- _The records_:

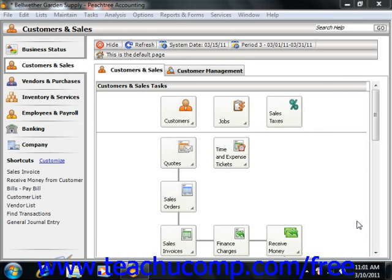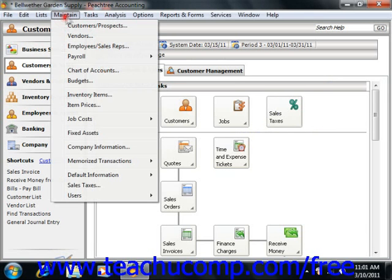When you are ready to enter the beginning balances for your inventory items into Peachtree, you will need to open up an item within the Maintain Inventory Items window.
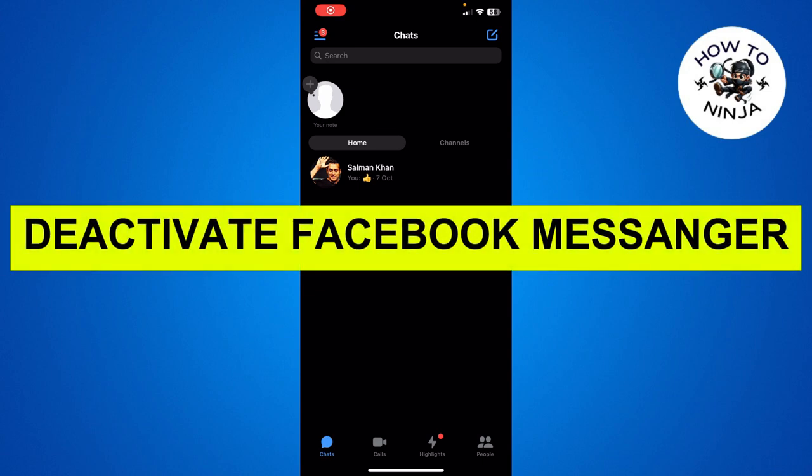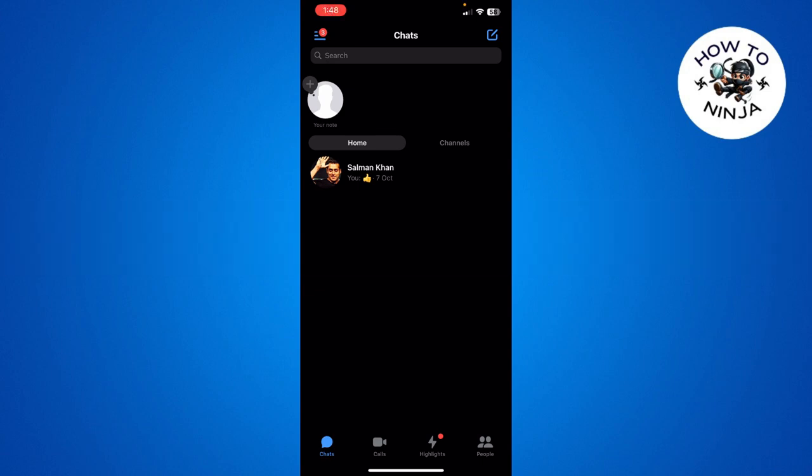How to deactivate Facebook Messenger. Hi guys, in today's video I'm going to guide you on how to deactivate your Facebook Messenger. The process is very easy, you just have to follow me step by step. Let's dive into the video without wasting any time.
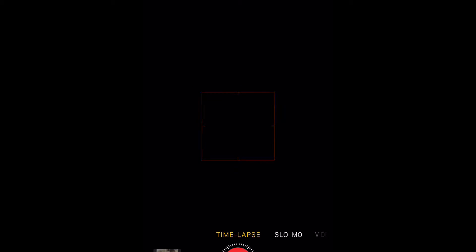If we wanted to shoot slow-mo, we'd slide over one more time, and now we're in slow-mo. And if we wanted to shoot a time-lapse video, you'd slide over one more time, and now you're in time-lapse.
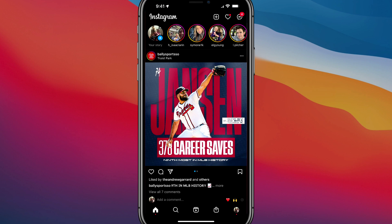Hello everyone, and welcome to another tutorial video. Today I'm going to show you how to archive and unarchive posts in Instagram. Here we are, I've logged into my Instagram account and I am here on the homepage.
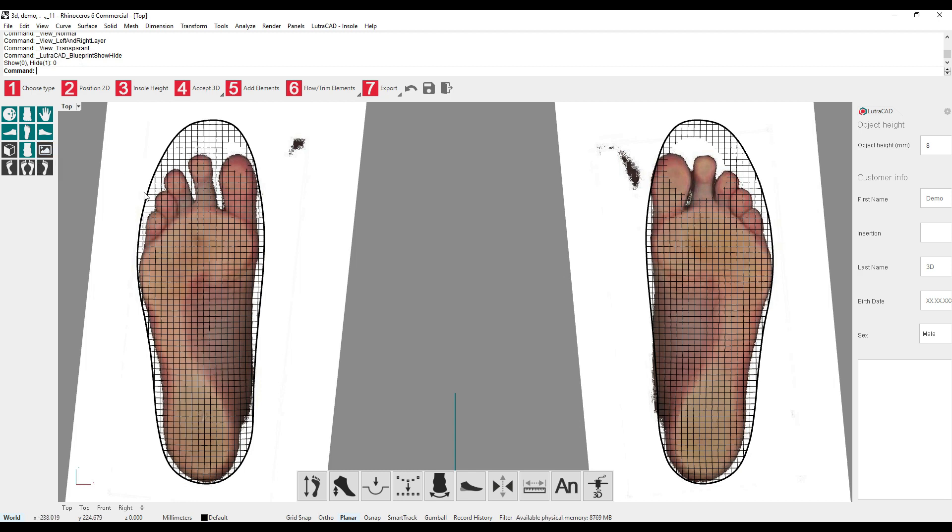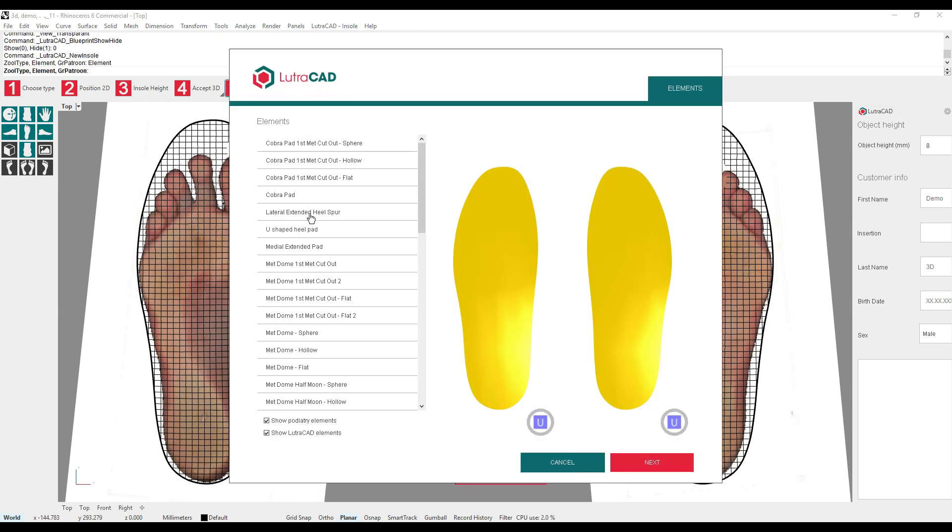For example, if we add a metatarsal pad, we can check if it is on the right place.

---

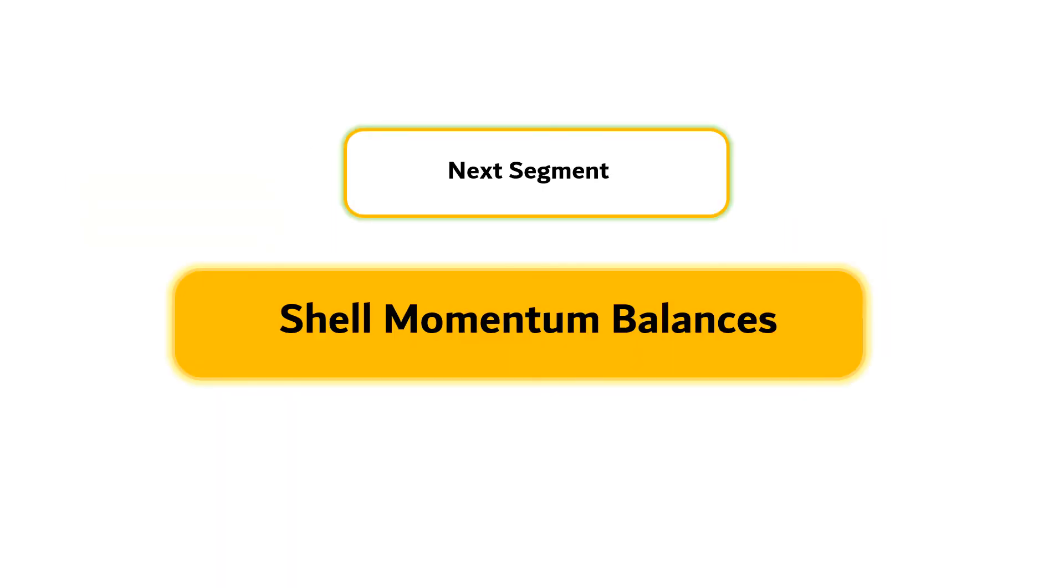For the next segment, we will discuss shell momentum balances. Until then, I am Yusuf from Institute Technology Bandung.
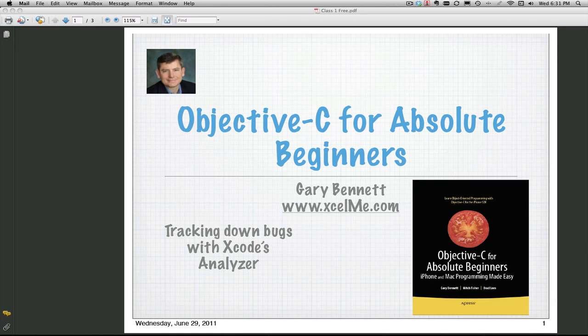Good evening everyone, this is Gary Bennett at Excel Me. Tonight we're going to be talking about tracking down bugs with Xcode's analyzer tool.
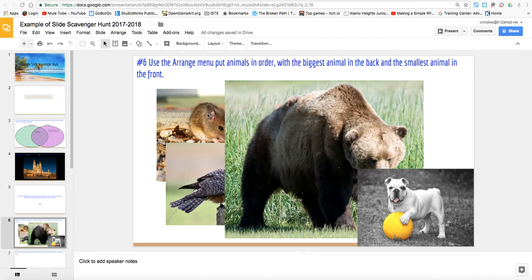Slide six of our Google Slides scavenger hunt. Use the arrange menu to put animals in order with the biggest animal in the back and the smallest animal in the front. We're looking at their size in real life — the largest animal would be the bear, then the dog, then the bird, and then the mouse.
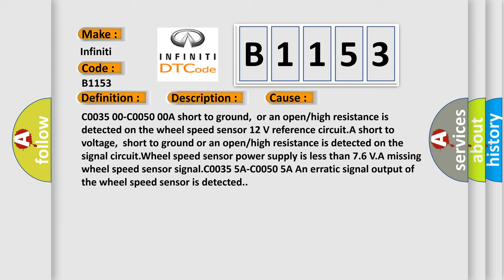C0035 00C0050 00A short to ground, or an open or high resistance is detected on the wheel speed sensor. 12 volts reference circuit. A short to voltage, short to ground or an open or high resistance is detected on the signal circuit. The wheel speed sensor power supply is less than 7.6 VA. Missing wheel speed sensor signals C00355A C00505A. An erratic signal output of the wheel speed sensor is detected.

* * *

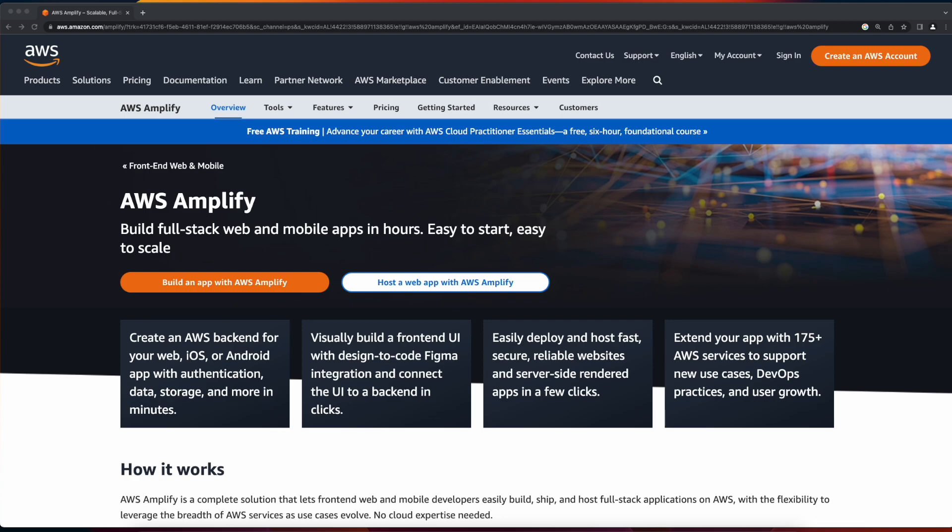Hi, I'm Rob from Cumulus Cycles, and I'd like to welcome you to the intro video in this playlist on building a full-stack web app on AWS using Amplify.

- _What you need to do_:
Word for word, retype the lines in the entries above that run from the one with "When you are" through the one with "For example, if". Both ends count; pictures do not.

- _Answer area_:
When you are ready to enter the beginning balances for your inventory items into Peachtree, you will need to open up an item within the Maintain Inventory Items window.
How to deactivate Facebook Messenger. Hi guys, in today's video I'm going to guide you on how to deactivate your Facebook Messenger. The process is very easy, you just have to follow me step by step. Let's dive into the video without wasting any time.
If we wanted to shoot slow-mo, we'd slide over one more time, and now we're in slow-mo. And if we wanted to shoot a time-lapse video, you'd slide over one more time, and now you're in time-lapse.
Hello everyone, and welcome to another tutorial video. Today I'm going to show you how to archive and unarchive posts in Instagram. Here we are, I've logged into my Instagram account and I am here on the homepage.
For example, if we add a metatarsal pad, we can check if it is on the right place.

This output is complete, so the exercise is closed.